• Exercise data:
········

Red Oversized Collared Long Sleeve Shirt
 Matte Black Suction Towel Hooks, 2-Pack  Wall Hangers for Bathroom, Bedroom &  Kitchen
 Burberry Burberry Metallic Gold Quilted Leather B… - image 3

········

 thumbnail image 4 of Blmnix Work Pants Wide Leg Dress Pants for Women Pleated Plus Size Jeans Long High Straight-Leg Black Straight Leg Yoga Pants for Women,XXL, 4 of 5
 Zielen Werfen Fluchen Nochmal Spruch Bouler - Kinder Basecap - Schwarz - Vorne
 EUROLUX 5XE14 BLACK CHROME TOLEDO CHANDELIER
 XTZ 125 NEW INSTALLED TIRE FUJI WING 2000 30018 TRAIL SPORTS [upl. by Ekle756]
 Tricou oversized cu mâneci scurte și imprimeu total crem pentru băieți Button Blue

········

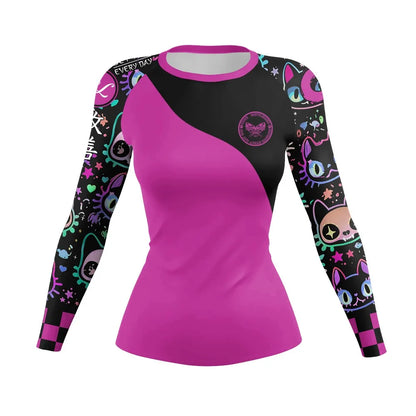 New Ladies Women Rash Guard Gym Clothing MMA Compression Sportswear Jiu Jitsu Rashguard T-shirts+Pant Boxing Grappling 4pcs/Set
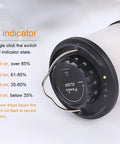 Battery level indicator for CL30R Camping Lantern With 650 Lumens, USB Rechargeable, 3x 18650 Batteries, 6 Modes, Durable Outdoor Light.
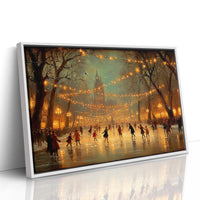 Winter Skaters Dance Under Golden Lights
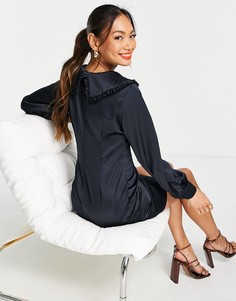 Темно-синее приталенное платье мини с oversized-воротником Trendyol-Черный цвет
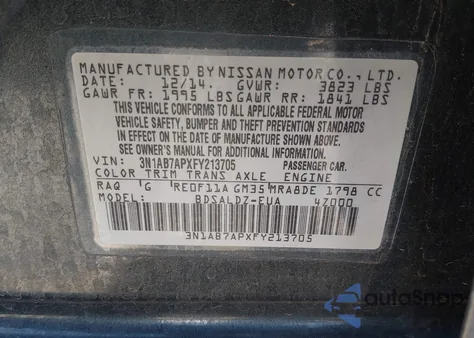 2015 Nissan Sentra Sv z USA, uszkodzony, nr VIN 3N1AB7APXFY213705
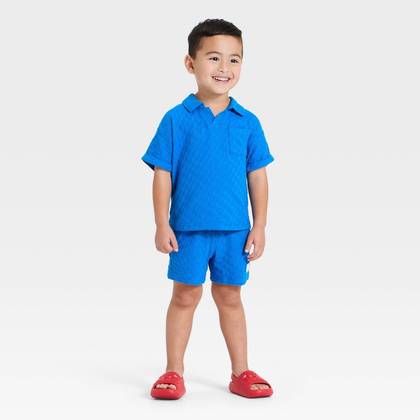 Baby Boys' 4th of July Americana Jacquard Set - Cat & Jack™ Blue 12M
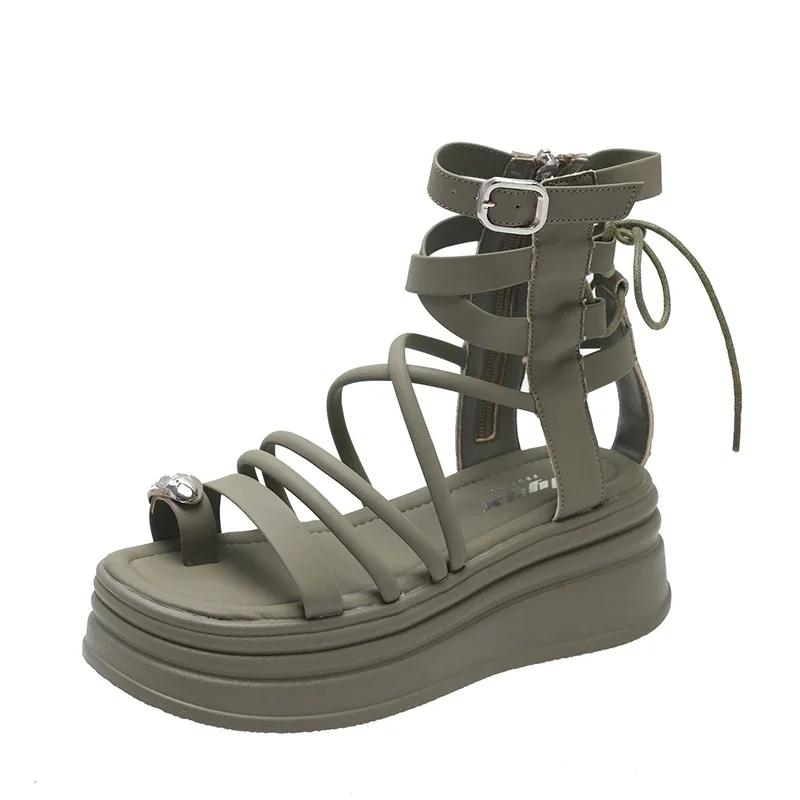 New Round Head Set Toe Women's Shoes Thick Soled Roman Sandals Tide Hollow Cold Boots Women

········

Search the data for the string "Long" and copy out every line where it is found.

Red Oversized Collared Long Sleeve Shirt
 thumbnail image 4 of Blmnix Work Pants Wide Leg Dress Pants for Women Pleated Plus Size Jeans Long High Straight-Leg Black Straight Leg Yoga Pants for Women,XXL, 4 of 5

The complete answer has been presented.